Ketukan di papan vertikal kios menyadarkan Sriatun dari lamunan. Dua papan vertikal yang dilepasnya bisa muat untuk dilewati kepala Durikah.

Opo, Yu? Berasmu di rumah habis? Aku masih ada stok beras lama, tapi nggak bau, kalau Yu Rikah mau,” tawar Sriatun setelah secepat kilat mencoba menenangkan detak jantungnya.

“Kiosmu tutup kemarin, ke mana, Sri?” tanya Durikah tanpa basa-basi.

“Aku pikir, Yu Rikah-”

“Ke rumah Mbakyu-mu, ya? Mbak… Yati?”

Sriatun lekas menimbang jawaban. Dia membongkar isi kepalanya secepat yang dia bisa. Sebab, perihal memancing pernyataan, Durikah adalah biangnya. Dia akan terus mendesakmu sampai kamu merasa tergencet dan tidak ada pilihan lain selain mengatakan yang sejujur-jujurnya. Kartik pernah jadi korbannya. Santoso bangkrut juga Durikah yang berhasil mengusut, sampai Kartik mengakhiri adu mulutnya dengan tangisan. Setelah itu, Durikah akan dengan tangan terbuka memeluk dan memberi Kartik petuah-petuah bijak, katanya, sebagai bukti pertemanan yang kokoh. Tahi kucing!

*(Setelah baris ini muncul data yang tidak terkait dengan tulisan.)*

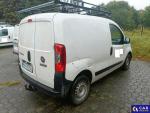 Fiat Fiorino 1.4 MR`16 E6 1.7t Aukcja 297252 - grafika 4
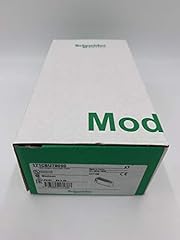171cbu78090 schneider electric d'occasion  Livré partout en France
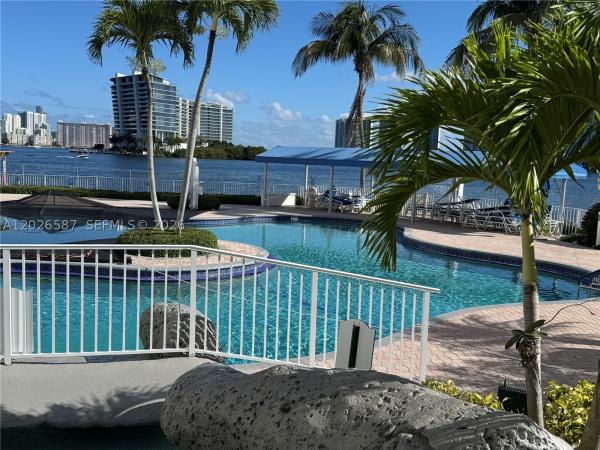 Mystic Pointe Tower 500, 3530 Mystic Pointe Dr #2709, Aventura, Florida 33180, image 1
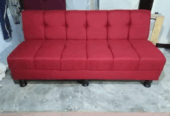 Sofa Cum Bed for Sale – Space-Saving Single & Double Options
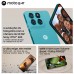Oferta Relâmpago Celular Motorola Moto G47 5G - 256GB, 4GB RAM, NFC, IP64, Câmera Traseira de 50MP e Frontal de 32MP,Bateria de 5200mAh -Azul Turquesa Oferta Relâmpago Celular Motorola Moto G47 5G - 256GB, 4GB RAM, NFC, IP64, Câmera Traseira de 50MP e Frontal de 32MP,Bateria de 5200mAh -Azul Turquesa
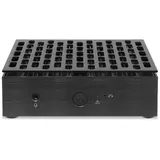 AOpen Mini-PC Aopen DE3650S Intel Celeron N6210 4,0 GHz 4 GB RAM 128 GB SSD Win 10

“Iya, aku kemarin ke Kemlokolegi naik bus. Ada urusan di kampung. Selamatan Pak dan Mbok-ku,” jawab Sriatun sesantai mungkin.

Namun, ada sedikit senyum tersungging di bibir Durikah yang menyebabkan gelenyar ketakukan mulai merambat memenuhi perut Sriatun. Dia tahu. Iya, perempuan ular ini pasti sudah mendengar urusan warisanku, Sriatun membatin sambil mengerang sebal.

Ketukan lain di papan vertikal kios mengubah arah pandang kedua orang yang masih terlibat dalam obrolan santai, tetapi serius, terlihat dari olah tubuh mereka. Perempuan ular lain muncul, pikir Sriatun sebelum menghela napas panjang. Kartik tersenyum lebar sambil menjulurkan kepalanya.